:: TASK STATEMENT ::
Within the entries below, the lines from the one with "Butterfly Print Top" through the one with "Noble Awards latest" are to be set down exactly, both ends kept.

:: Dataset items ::
*** Begin section ***
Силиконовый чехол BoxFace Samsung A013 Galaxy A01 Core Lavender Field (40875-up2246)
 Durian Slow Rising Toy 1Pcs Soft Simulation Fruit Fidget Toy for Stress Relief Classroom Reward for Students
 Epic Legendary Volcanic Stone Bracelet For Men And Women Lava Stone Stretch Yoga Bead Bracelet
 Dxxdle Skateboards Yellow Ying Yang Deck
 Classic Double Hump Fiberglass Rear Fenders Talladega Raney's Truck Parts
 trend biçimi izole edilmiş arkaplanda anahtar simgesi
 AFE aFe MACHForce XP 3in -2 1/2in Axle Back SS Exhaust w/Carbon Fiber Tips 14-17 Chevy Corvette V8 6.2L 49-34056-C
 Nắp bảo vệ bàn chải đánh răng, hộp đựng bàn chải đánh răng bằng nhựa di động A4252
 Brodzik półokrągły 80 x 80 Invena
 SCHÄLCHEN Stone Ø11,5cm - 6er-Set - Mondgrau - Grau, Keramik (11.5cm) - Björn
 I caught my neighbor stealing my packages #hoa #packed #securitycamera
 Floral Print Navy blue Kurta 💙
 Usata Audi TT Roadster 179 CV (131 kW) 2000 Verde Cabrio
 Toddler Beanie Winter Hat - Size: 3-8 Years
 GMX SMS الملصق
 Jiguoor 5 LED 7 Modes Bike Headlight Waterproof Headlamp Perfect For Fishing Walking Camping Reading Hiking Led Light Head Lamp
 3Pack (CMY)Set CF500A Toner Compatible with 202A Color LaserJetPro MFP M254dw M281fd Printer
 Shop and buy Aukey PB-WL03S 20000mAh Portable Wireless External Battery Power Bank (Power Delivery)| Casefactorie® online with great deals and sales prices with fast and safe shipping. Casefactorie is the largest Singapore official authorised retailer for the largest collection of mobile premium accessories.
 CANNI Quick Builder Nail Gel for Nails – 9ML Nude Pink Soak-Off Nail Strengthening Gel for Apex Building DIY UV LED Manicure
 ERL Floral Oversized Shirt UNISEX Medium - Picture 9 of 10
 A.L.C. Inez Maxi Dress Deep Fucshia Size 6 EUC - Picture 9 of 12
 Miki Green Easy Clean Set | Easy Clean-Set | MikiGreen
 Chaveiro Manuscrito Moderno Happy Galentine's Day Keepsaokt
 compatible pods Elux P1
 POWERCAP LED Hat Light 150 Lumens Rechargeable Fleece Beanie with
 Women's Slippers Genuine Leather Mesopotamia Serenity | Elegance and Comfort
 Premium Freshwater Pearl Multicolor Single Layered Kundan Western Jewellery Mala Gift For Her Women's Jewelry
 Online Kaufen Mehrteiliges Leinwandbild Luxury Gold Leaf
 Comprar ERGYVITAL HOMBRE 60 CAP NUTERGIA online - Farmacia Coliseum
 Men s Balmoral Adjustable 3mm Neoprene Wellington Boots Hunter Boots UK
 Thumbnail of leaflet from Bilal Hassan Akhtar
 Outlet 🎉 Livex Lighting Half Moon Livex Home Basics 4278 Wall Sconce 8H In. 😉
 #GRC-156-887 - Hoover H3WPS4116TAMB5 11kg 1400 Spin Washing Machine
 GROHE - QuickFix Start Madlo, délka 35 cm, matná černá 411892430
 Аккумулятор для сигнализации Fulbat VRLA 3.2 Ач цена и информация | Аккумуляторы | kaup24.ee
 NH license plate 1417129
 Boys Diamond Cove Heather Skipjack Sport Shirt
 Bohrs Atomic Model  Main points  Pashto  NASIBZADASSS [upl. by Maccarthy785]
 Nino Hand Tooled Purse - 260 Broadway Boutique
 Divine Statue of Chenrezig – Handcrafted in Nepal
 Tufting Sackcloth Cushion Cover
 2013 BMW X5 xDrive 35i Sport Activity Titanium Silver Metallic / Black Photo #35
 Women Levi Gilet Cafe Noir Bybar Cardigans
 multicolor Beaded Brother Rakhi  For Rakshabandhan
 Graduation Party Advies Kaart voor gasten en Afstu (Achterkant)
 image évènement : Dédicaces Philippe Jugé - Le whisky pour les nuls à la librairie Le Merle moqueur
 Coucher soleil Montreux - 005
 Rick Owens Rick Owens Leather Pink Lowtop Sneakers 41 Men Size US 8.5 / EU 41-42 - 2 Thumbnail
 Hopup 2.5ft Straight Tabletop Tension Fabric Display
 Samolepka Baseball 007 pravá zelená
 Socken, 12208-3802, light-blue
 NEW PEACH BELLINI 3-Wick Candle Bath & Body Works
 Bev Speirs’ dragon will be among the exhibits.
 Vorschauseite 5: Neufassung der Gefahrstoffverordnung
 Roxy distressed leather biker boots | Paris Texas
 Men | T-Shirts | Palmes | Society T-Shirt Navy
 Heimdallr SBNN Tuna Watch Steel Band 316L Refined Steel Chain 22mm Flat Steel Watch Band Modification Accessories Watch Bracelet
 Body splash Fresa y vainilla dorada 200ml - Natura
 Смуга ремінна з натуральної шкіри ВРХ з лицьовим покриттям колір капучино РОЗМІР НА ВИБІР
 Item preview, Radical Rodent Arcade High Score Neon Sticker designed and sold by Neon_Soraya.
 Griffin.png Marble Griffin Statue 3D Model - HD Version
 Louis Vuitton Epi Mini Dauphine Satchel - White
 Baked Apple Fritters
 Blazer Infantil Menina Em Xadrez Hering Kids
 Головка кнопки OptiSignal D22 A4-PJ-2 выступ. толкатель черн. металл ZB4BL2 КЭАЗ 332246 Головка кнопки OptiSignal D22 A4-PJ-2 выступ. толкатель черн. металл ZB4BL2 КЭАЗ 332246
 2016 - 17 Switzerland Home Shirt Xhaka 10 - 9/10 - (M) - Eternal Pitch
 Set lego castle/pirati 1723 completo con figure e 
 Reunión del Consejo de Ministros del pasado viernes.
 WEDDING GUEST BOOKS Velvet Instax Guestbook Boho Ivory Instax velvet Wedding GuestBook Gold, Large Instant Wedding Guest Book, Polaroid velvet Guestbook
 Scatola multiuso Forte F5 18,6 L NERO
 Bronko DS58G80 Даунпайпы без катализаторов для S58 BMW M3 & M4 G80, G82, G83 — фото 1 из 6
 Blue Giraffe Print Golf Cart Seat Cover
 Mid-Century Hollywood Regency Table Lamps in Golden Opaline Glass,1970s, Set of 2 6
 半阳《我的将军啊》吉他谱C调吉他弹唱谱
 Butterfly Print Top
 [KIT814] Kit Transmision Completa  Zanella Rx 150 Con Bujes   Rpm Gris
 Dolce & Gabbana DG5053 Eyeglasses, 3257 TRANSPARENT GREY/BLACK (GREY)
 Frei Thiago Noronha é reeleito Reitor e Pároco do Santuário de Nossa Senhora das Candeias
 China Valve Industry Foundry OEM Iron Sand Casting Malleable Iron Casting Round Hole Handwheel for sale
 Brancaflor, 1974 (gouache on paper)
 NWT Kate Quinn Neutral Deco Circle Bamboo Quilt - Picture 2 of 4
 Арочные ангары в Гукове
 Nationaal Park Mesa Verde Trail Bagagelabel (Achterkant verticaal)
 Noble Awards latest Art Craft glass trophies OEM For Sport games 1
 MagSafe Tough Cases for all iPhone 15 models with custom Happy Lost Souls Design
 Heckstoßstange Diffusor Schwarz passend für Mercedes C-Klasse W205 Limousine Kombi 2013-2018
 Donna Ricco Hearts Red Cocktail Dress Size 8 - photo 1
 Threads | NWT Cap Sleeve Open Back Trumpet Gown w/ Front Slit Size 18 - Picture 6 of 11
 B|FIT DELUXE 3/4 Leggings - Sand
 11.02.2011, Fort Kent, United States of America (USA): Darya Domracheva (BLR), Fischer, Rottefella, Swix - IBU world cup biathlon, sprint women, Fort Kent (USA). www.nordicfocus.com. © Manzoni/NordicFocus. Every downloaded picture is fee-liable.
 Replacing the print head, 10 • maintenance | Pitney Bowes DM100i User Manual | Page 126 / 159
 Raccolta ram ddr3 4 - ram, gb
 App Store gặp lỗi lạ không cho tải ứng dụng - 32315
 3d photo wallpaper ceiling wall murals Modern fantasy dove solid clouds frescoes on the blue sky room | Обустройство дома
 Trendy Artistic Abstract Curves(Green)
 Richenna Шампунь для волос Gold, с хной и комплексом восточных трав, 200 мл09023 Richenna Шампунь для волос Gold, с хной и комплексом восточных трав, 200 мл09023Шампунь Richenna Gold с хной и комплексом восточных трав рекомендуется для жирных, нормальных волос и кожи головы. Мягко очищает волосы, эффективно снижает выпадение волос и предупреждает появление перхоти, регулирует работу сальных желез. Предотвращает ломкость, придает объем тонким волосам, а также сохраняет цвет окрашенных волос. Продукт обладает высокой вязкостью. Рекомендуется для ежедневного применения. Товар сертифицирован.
*** End section ***
:: SOLUTION TO THIS PROBLEM ::
 Butterfly Print Top
 [KIT814] Kit Transmision Completa  Zanella Rx 150 Con Bujes   Rpm Gris
 Dolce & Gabbana DG5053 Eyeglasses, 3257 TRANSPARENT GREY/BLACK (GREY)
 Frei Thiago Noronha é reeleito Reitor e Pároco do Santuário de Nossa Senhora das Candeias
 China Valve Industry Foundry OEM Iron Sand Casting Malleable Iron Casting Round Hole Handwheel for sale
 Brancaflor, 1974 (gouache on paper)
 NWT Kate Quinn Neutral Deco Circle Bamboo Quilt - Picture 2 of 4
 Арочные ангары в Гукове
 Nationaal Park Mesa Verde Trail Bagagelabel (Achterkant verticaal)
 Noble Awards latest Art Craft glass trophies OEM For Sport games 1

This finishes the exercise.